The deputy administrator for NOAA stressed the need for continued funding of advanced weather forecasting technology

Dr. Kathryn Sullivan, assistant secretary of commerce for environmental observation and prediction, and deputy administrator for the National Oceanic and Atmospheric Administration (NOAA), emphasized the vital role played by the agency's satellite programs in providing timely weather data that can save lives during severe weather. Sullivan addressed a luncheon gathering of area leaders and first responders co-sponsored by the Economic Development Commission of Florida's Space Coast (EDC) and Harris Corporation (NYSE: HRS). The meeting was held at the Harris Customer Briefing Center in Melbourne, Florida.

"Our polar and geostationary satellites are the backbone of the nation's weather enterprise," said Sullivan. "It is critical that we keep NOAA's weather programs funded, even in this tight fiscal environment." Among the programs she discussed is the next generation of NOAA's Geostationary Operational Environmental Satellites (GOES). Today's GOES satellites are a significant tool used by NOAA to detect and track hurricanes, thunderstorms, tornadoes and other severe weather in the continental U.S. and western hemisphere. The next generation of this program, the GOES Series-R (GOES-R), is expected to significantly speed severe weather prediction and warnings by processing and delivering 40 times more data than is possible today to NOAA's National Weather Service and more than 10,000 direct users. GOES-R also will vastly improve image resolution and increase the rate of imagery coverage of Earth's surfaces from every 30 minutes to every five minutes in normal conditions — and every 30 seconds during severe weather events. In addition, the GOES-R system will provide a new capability for continuous monitoring of total lightning activity, which provides early indication of storm intensification and severe weather events, including improved tornado warning lead time. The first launch of a GOES-R series satellite is scheduled for 2015.

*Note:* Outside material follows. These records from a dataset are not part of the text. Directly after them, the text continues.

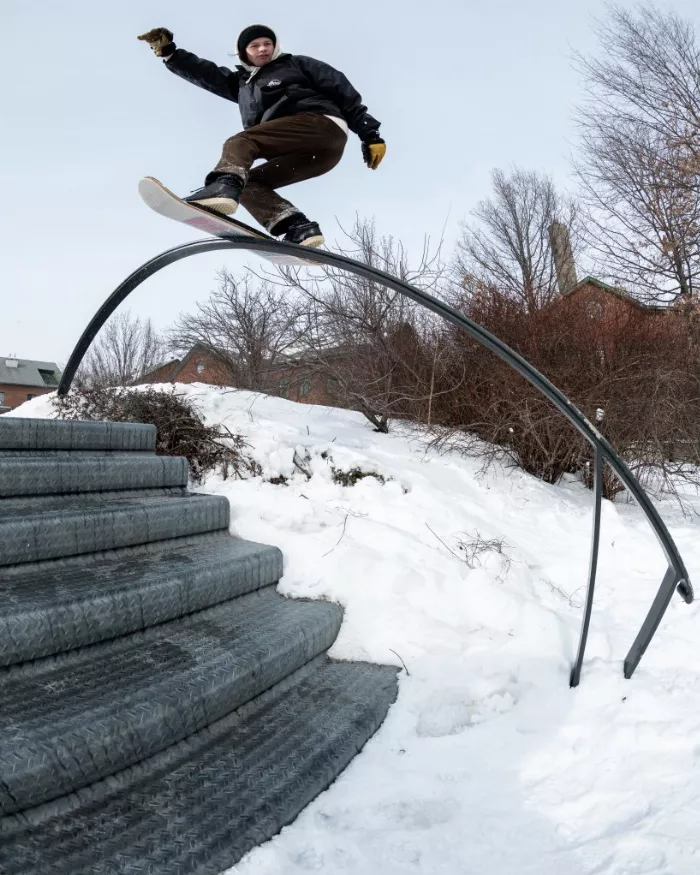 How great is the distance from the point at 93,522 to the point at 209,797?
1.21 m

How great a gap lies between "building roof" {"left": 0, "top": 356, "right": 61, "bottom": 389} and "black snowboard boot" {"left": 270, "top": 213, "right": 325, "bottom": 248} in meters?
51.9

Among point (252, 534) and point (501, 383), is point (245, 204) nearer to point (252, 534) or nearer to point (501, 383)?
point (252, 534)

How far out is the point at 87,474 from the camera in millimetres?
2760

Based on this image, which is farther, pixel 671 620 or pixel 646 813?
pixel 671 620

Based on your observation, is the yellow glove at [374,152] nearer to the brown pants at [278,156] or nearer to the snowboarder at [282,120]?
the snowboarder at [282,120]

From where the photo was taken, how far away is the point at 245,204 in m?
3.26

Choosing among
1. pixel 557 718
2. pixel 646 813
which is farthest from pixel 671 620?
pixel 646 813

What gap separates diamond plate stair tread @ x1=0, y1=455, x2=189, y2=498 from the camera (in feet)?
8.01

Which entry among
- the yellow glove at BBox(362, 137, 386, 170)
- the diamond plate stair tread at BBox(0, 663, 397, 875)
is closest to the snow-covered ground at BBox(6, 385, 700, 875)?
the diamond plate stair tread at BBox(0, 663, 397, 875)

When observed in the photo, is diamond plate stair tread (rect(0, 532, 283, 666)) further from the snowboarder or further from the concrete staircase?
the snowboarder

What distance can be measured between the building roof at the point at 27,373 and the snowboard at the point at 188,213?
52004 millimetres

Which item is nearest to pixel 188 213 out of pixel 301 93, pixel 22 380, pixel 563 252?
pixel 301 93

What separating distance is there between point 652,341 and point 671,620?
3.57 meters

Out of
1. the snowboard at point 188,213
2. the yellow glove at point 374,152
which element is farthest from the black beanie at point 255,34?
the snowboard at point 188,213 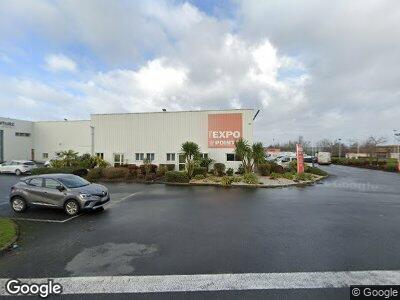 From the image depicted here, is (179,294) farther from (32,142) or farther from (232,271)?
(32,142)

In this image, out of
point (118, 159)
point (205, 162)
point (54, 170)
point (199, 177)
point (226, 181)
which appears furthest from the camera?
point (118, 159)

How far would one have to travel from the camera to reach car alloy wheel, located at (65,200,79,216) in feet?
37.2

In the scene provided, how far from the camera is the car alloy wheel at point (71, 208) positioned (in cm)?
1134

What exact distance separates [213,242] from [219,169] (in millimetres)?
18190

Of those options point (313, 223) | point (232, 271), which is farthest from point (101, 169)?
point (232, 271)

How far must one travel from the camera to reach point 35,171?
90.0 feet

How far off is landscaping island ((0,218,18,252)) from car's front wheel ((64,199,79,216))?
1.92 meters

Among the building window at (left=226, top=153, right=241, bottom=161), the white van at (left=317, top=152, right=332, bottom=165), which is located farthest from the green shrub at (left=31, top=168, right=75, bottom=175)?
the white van at (left=317, top=152, right=332, bottom=165)

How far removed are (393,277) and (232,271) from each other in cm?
286

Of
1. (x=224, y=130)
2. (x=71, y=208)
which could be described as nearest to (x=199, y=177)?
(x=224, y=130)

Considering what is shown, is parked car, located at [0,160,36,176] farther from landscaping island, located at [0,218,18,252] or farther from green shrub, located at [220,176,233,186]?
landscaping island, located at [0,218,18,252]

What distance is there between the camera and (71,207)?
11367 millimetres

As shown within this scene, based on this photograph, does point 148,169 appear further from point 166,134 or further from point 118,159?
point 118,159

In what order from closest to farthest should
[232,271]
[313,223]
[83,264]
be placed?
[232,271]
[83,264]
[313,223] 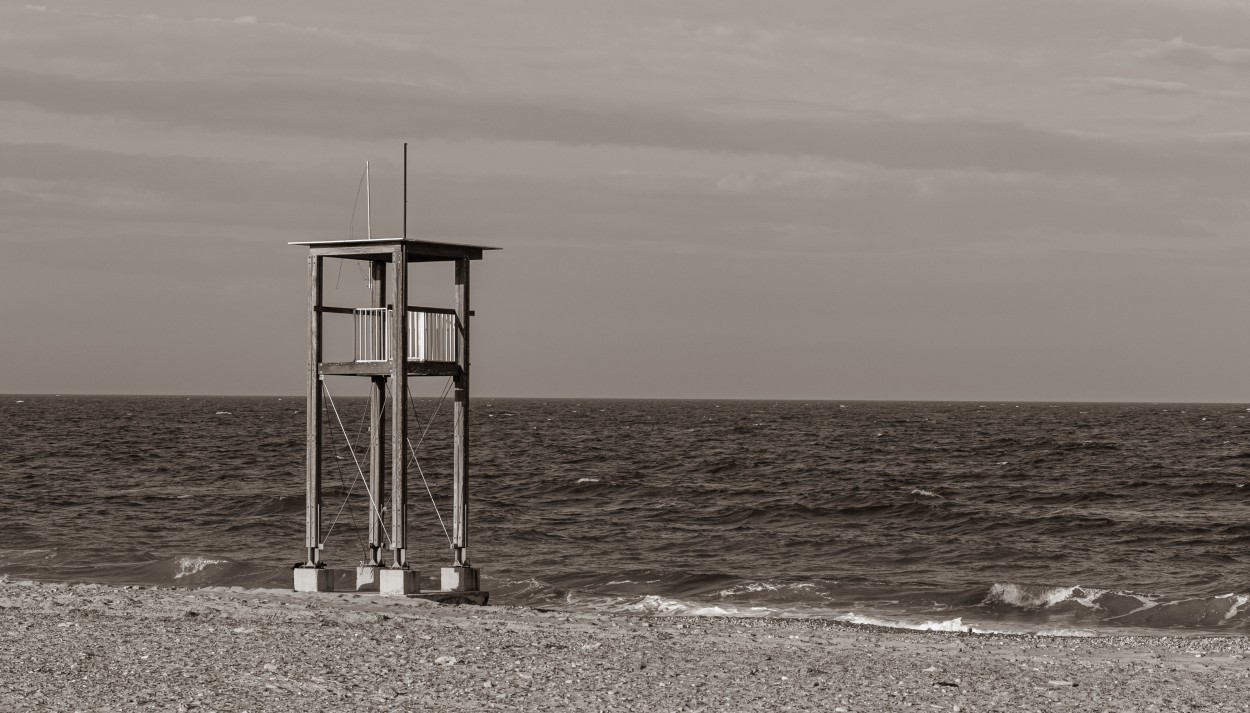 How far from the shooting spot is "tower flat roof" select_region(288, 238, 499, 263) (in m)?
20.0

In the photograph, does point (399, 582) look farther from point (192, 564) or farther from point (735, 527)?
point (735, 527)

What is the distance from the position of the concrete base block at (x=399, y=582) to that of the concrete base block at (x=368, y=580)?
66 centimetres

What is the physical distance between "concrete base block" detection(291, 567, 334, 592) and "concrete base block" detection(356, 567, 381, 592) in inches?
17.2

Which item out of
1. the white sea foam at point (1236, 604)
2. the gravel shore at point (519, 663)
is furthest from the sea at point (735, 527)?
the gravel shore at point (519, 663)

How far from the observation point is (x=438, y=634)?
16609 millimetres

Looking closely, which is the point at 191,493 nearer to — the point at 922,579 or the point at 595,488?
the point at 595,488

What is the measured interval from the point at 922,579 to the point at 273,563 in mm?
12815

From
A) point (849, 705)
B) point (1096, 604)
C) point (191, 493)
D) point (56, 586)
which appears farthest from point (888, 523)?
point (849, 705)

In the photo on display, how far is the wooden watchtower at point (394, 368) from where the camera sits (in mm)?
20250

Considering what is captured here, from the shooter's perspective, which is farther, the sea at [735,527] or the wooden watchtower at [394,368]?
the sea at [735,527]

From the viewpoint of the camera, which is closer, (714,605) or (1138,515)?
(714,605)

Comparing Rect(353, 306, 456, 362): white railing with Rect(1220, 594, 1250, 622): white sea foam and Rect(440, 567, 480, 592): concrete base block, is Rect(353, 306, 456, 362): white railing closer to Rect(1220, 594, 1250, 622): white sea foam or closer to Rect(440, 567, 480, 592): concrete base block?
Rect(440, 567, 480, 592): concrete base block

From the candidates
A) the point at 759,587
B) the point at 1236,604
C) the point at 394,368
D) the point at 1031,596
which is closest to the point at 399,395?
the point at 394,368

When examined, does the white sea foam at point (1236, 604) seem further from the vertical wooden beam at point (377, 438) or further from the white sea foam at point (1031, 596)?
the vertical wooden beam at point (377, 438) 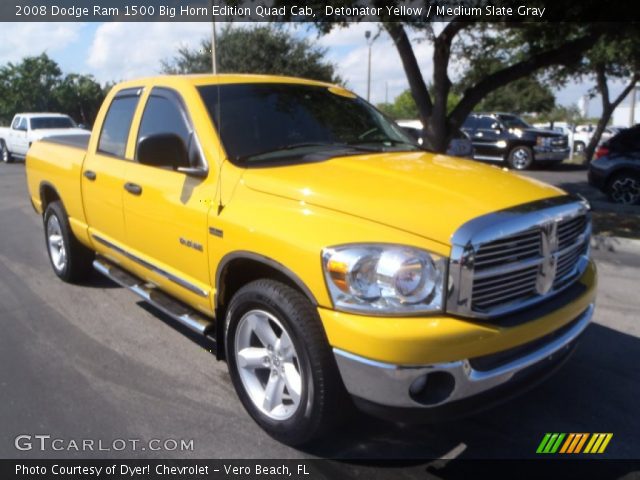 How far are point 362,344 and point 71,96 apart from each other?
40153 millimetres

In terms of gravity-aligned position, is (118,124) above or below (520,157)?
above

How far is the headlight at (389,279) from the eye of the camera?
8.08 ft

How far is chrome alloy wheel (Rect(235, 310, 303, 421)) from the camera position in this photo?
9.50 ft

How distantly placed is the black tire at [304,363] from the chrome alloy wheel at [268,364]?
0.08ft

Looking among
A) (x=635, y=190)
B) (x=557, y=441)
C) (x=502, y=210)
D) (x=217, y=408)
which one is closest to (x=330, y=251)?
(x=502, y=210)

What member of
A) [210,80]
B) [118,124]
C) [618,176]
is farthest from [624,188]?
A: [118,124]

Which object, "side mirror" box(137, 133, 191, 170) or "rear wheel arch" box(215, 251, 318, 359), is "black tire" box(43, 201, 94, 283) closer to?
"side mirror" box(137, 133, 191, 170)

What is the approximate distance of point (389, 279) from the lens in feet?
8.12

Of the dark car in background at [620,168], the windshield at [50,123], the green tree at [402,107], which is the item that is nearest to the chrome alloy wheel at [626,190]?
the dark car in background at [620,168]

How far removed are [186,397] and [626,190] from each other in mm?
9792

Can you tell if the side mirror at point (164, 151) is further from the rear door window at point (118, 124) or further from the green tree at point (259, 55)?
the green tree at point (259, 55)

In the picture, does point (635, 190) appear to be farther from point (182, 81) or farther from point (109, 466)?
point (109, 466)

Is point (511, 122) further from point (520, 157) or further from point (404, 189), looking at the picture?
point (404, 189)

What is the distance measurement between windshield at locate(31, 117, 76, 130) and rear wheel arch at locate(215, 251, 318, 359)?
61.6ft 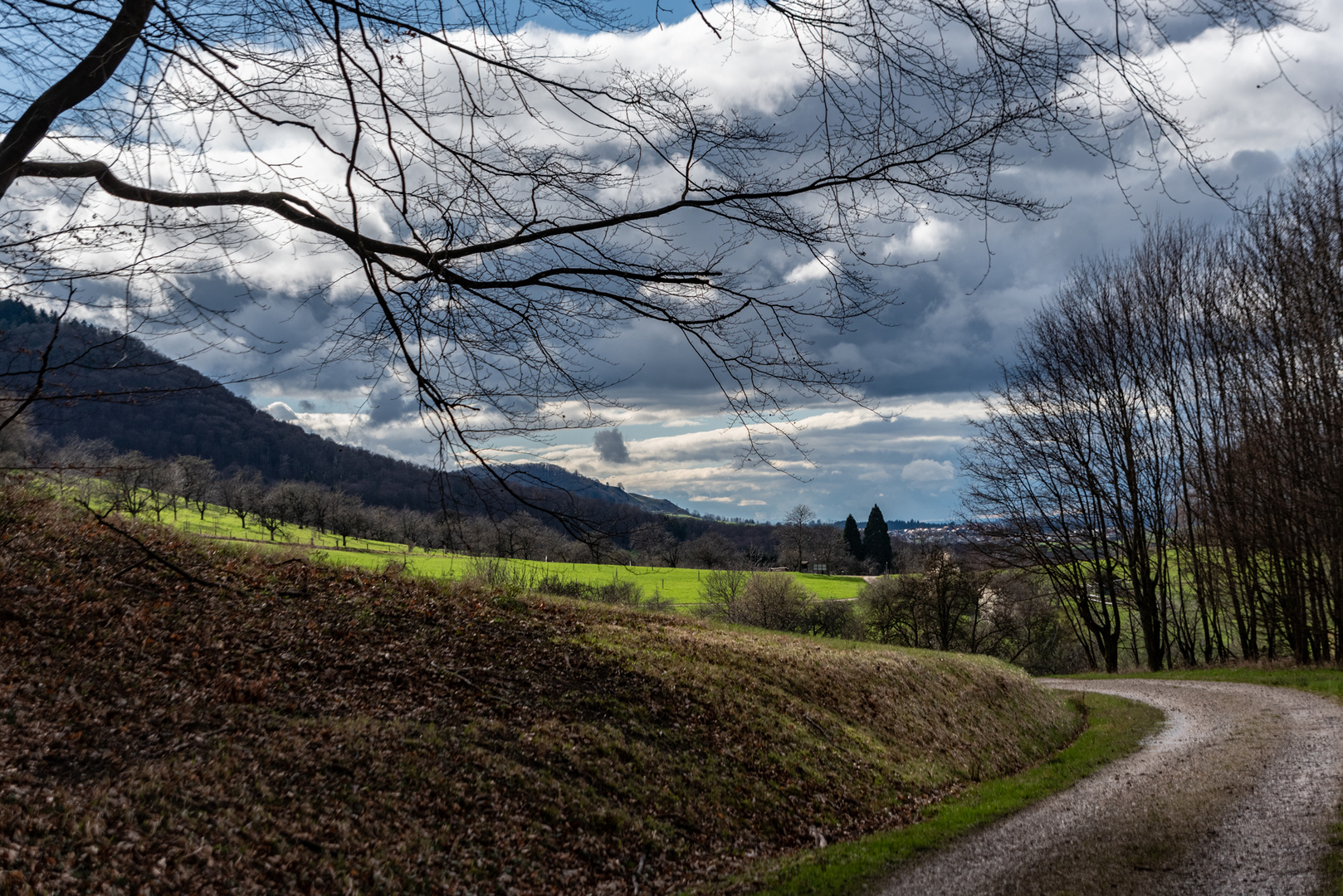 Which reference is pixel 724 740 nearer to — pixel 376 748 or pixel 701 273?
pixel 376 748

Harris is the prime contractor for the ground segment of GOES-R, a 10-year contract with a potential value of $736 million. More than 380 people from Harris and its subcontractors work on the GOES-R program nationwide, with nearly 240 of those people directly employed by Harris and based in the Melbourne-area. The ground segment encompasses receiving and processing of satellite data, generating and distributing products from satellite data, and command and control of operational satellites.